Newchapel takes its name from the chapel that stands on the main road - not exactly 'new' for it dates from 1763. It was named Newcastle to distinguish it from the first Methodist chapel built in south Pembrokeshire at Woodstock, near Haverfordwest, nine years earlier. Both causes came into being through the powerful preaching of the Rev. Howell Davies, known as 'the Apostle of Pembroke'. Woodstock was too long a journey for the growing body of believers from north Pembrokeshire, so Howell Davies had a new chapel built for them. It is said that one day when Howell Davies was out riding with his friends, he saw a good area of flat ground and said, 'This is the spot where I shall have the second meeting house', and he threw his riding crop to mark the spot. The chapel is simple, plain and austere and is built in the traditional Welsh chapel style with the pulpit between the two front doors.

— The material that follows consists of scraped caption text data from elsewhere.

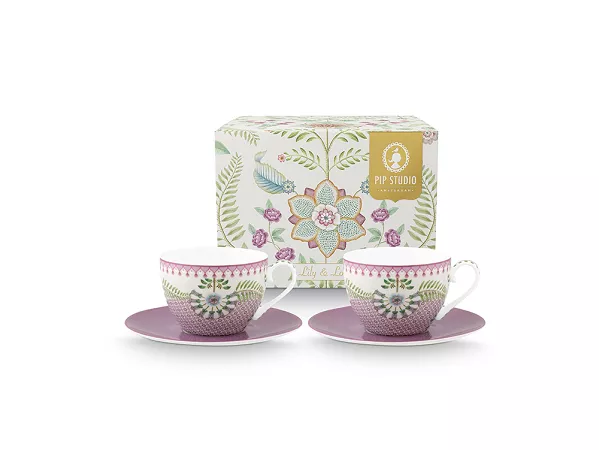 Komplet 2 filiżanek ze spodkiem 0,3 L Pip Studio - Lily & Lotus 51.L&L.004.193 Komplet 2 filiżanek ze spodkiem 0,3 L Pip Studio - Lily & Lotus 51.L&L.004.193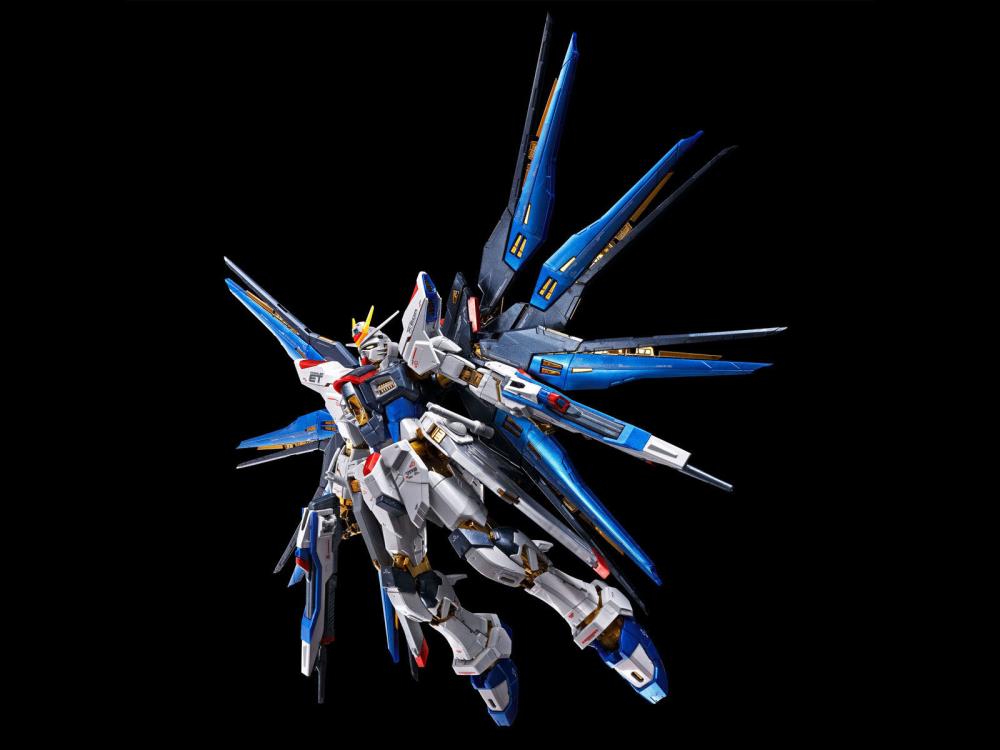 Mobile Suit Gundam SEED Destiny RG Strike Freedom Gundam (Titanium Finish) 1/144 Scale Exclusive Model Kit Gallery Image 6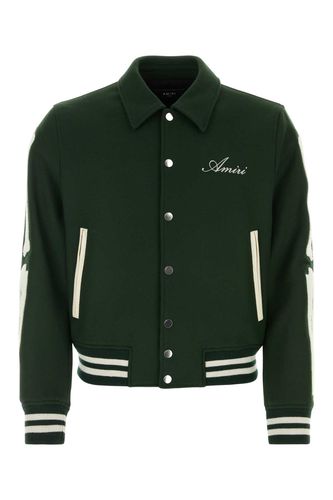 Bottle Green Wool Blend Jacket - AMIRI - Modalova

It is amazing to think that such a small chapel became the preaching centre for some of the greatest evangelical preachers of the eighteenth century awakening. George Whitfield, the Wesleys, Howell Harris and Daniel Rowland all preached here, while the seraphic David Jones of Llangan preached his last sermon at Newchapel. A young student from Carmarthen walked thirty miles to hear Daniel Rowland at Newchapel. That young man, Thomas Charles, never regretted that journey for he was converted during the sermon. He writes in his diary: 'A day much to be remembered by me for as long as I live. Ever since the happy day, I have lived in a new heaven and a new earth. That sermon remained upon my mind for above half a year.' Howell Harris left his mark upon Newchapel. On a warm summer afternoon he preached standing at an open window of the chapel, to a congregation of between 2000 and 3000 people. During the sermon his attention was taken by a youth, sitting on the outside wall, openly ridiculing him. Harris directed his remarks to him with such power that the young man fell off the wall in a fit to the floor below.
Thanks to the Evangelical Movement of Wales for this information.
This is a very beautiful Chapel and it must have changed very little since it was built. Even the candle holders remain.